#### [AVAILABLE DATA]
============

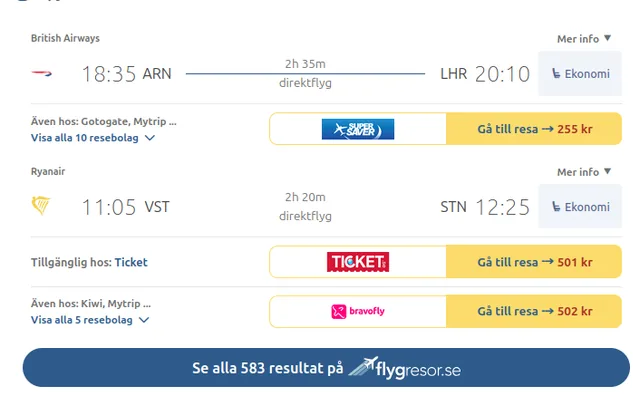Flygresor.se screenshot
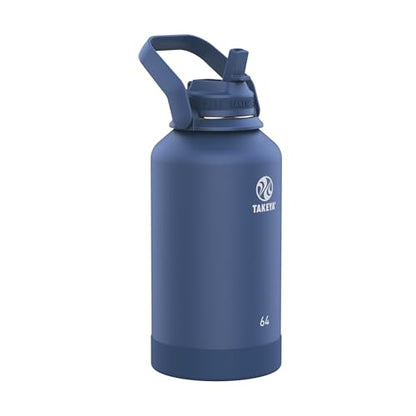 Takeya 64 oz Actives Stainless Steel Water Bottle with Straw Lid – Leakproof, Double-Wall Insulated, Keeps Drinks Cold 24 hrs/Hot 12 hrs, BPA-Free, Powder-Coated, Gym & Travel, Midnight Blue - color: Midnight Blue, size: 64 Ounces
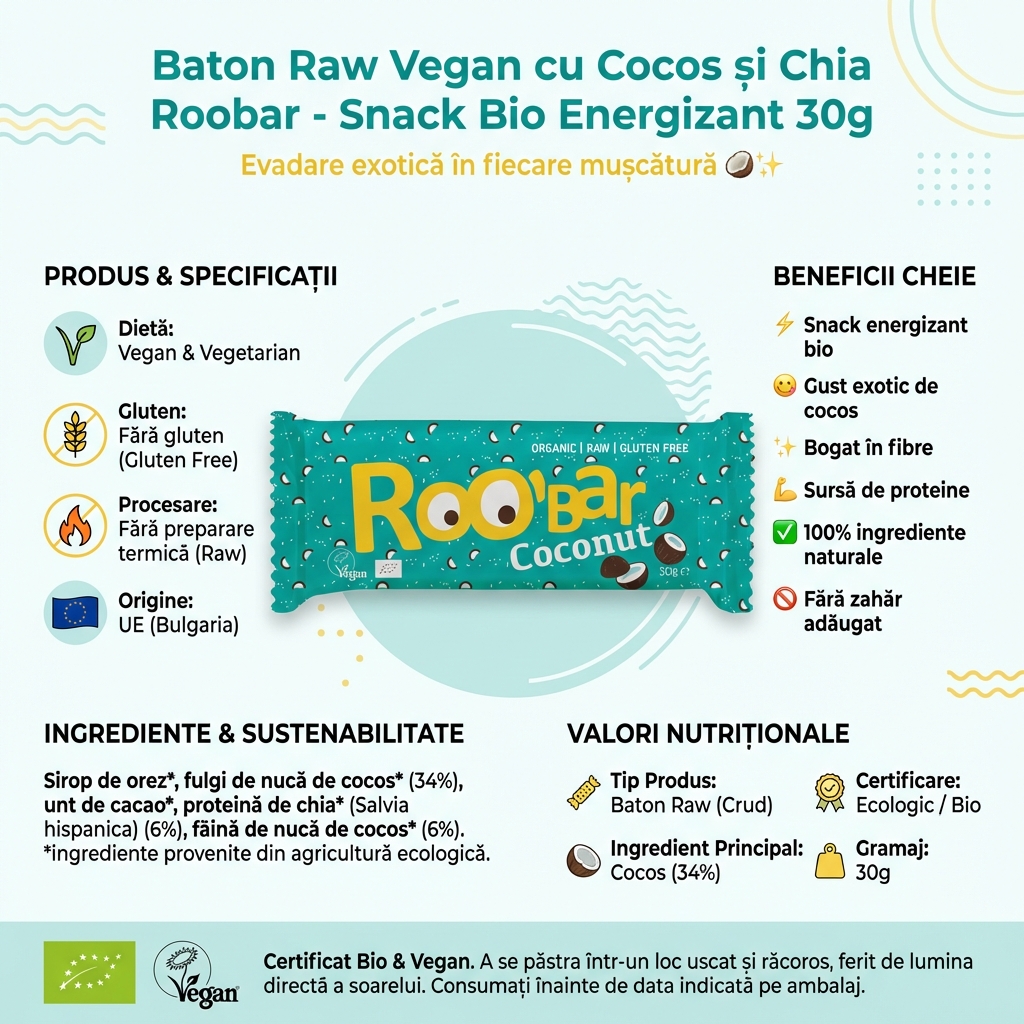 Baton Raw Vegan cu Cocos și Chia Roobar - Snack Bio Energizant 30g 4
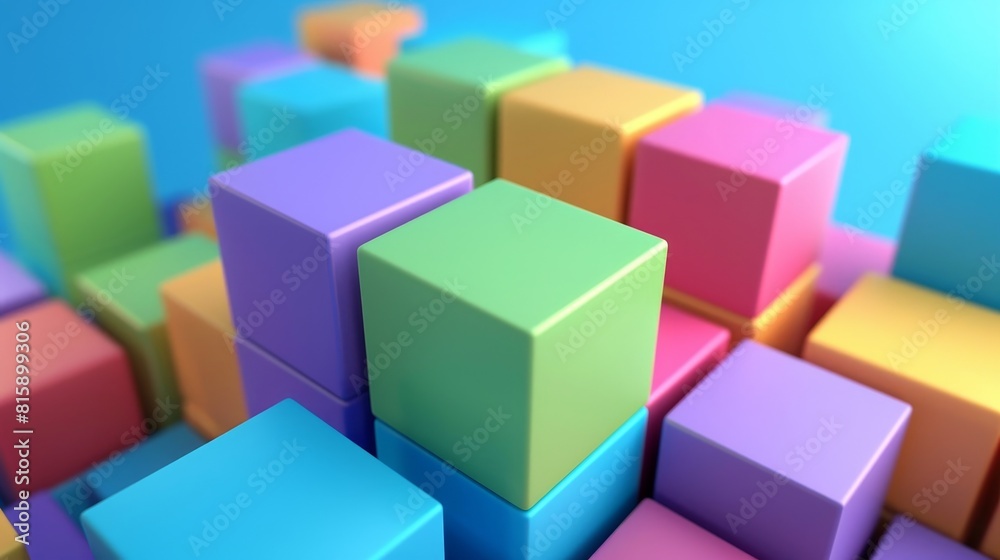 Illustration with perspective effect of 3D color cubes in modern format Illustration with perspective effect of 3D color cubes in modern format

============

#### [TASK ITEM]
Every word of the data should be reproduced exactly; please omit any pictures.

#### [FINAL ANSWER]
Flygresor.se screenshot
 Takeya 64 oz Actives Stainless Steel Water Bottle with Straw Lid – Leakproof, Double-Wall Insulated, Keeps Drinks Cold 24 hrs/Hot 12 hrs, BPA-Free, Powder-Coated, Gym & Travel, Midnight Blue - color: Midnight Blue, size: 64 Ounces
 Baton Raw Vegan cu Cocos și Chia Roobar - Snack Bio Energizant 30g 4
 Illustration with perspective effect of 3D color cubes in modern format Illustration with perspective effect of 3D color cubes in modern format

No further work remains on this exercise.